In order to not clutter up the design matrix, SPM actually takes a slightly different approach (which works out the same as adding the cosines to the design matrix). What SPM does is use the cosines to form a filtering matrix (denoted S) which can be used to pre-multiply the data and design, much in the same way as whitening.

$$
\mathbf{SY} = \mathbf{SX}\boldsymbol{\beta} + \mathbf{S}\boldsymbol{\epsilon}
$$

So this removes the low-frequencies from the data and the design, using the same principles as the whitening procedure. The only element of this we need to concern ourselves with is what cutoff to use. By default SPM chooses 128 seconds, which is equivalent to 1/128 = 0.008Hz. So any frequency below 0.008Hz will be removed from the data. Practically, this means we should design our experiments so that any periodic changes of interest (such as our experimental conditions) do not occur slower than around every 2 minutes, otherwise we run the risk of removing experimental signal with the filter. As we will see, there are facilities within SPM that can be used to find a suitable filter value and this is something we will also come back to in the Experimental Design and Optimisation module. This filtering is also another reason why you will see the design matrix change colour during the course of the analysis in SPM.

## Issue 4: Image Scaling
The final issue that we have not considered is that the BOLD signal itself is measured on an arbitrary scale that can differ from subject-to-subject or scanner-to-scanner. The problem is that the GLM parameters are on the same scale as the data. For instance, β1 gives the change in signal for a unit change in our first predictor variable. Unfortunately, this means we cannot meaningfully compare the magnitude of these parameters between subjects, because their value depends upon the arbitrary scale of the signal. To get around this, SPM will scale the data such that the mean of the data over all voxels and all volumes is equal to 100. This is known as grand mean scaling and will effectively put all our subjects on the same scale.

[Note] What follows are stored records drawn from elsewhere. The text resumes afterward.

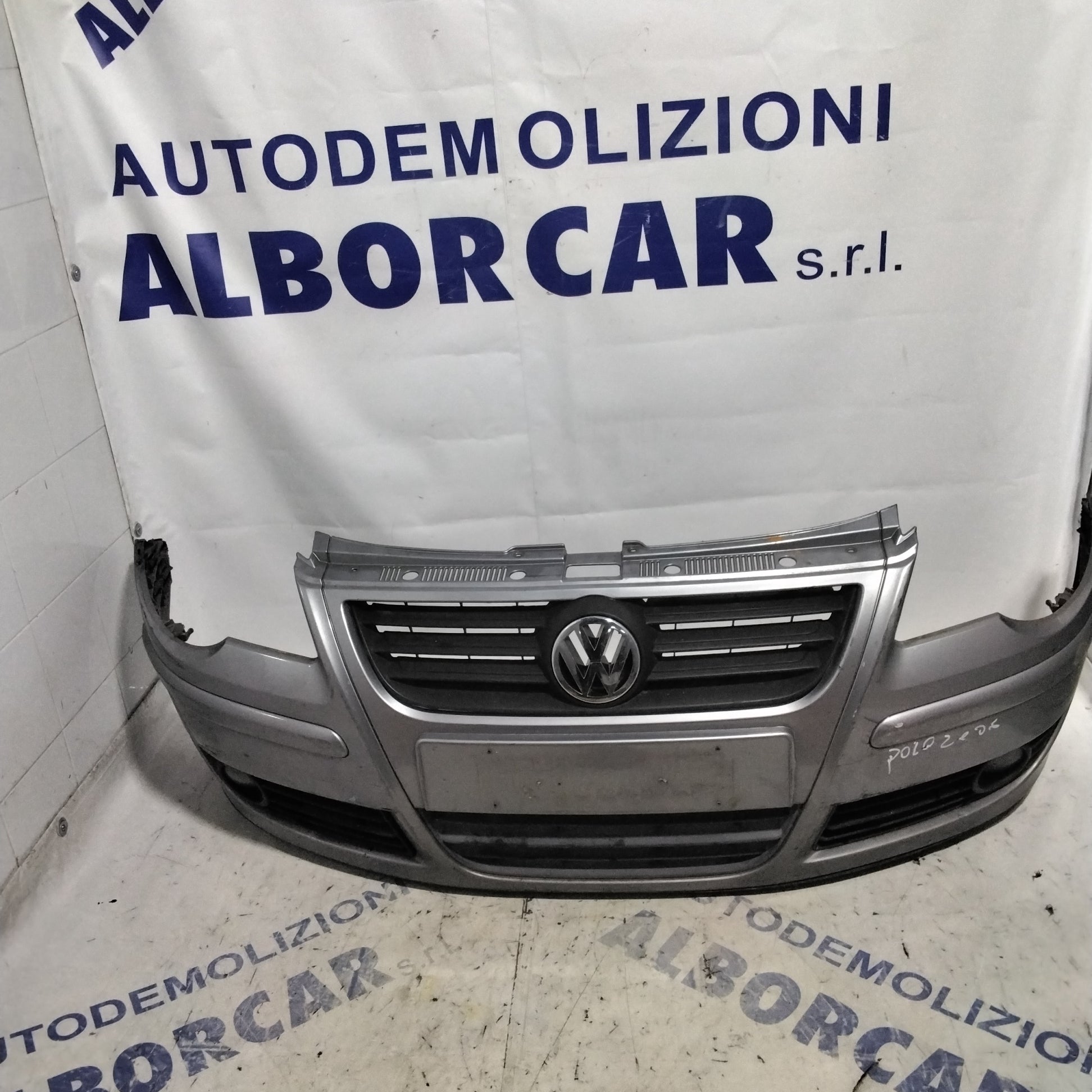 Front bumper Volkswagen Polo year 2006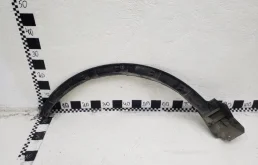 Расширитель арок передний правый для Toyota RAV4 2014 года на фотографиях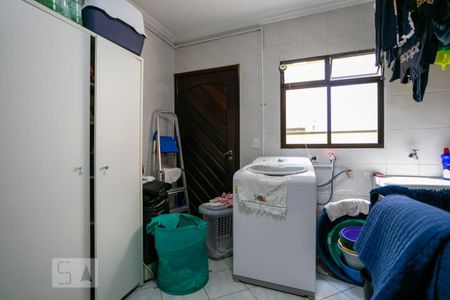 Casa à venda com 200m², 3 quartos e 6 vagasÁrea de serviço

This is done completely automatically in the background for you, so why do we care? Well you have to be slightly careful about interpretation here because the temptation might be to think that this scaling renders the parameters on some sort of standardised and interpretable scale, such as percentage signal change. However, this is not correct and the actual procedure to convert the parameters to percentage signal change is much more involved (as explained by Pernet (2014)). So note that SPM automatically scales the data, but remember this does not result in some standardised and easy to interpret metric for our effects.

## The Adapted GLM
So we have now seen that in order to make the GLM work with fMRI data we have to convolve our dummy variables with the HRF, estimate and remove the autocorrelation in the data, filter the data to remove low-frequency noise and scale the data to put it on a common scale across all subjects. All these steps form an adapted version of the GLM, as illustrated below

where the "star" symbol indicates the whitened and filtered versions of the data, design matrix and errors. Once the parameters have been estimated, they can be used to multiply each column to scale the prediction to best match the data, as shown below. Notice how the constant takes on the baseline level of signal (400 in this example) and that the conditions are simply changes relative to this baseline.

Adding all the scaled columns together provides our final model prediction, giving us a clear perspective on what the GLM is doing to try and separate the true signal from noise.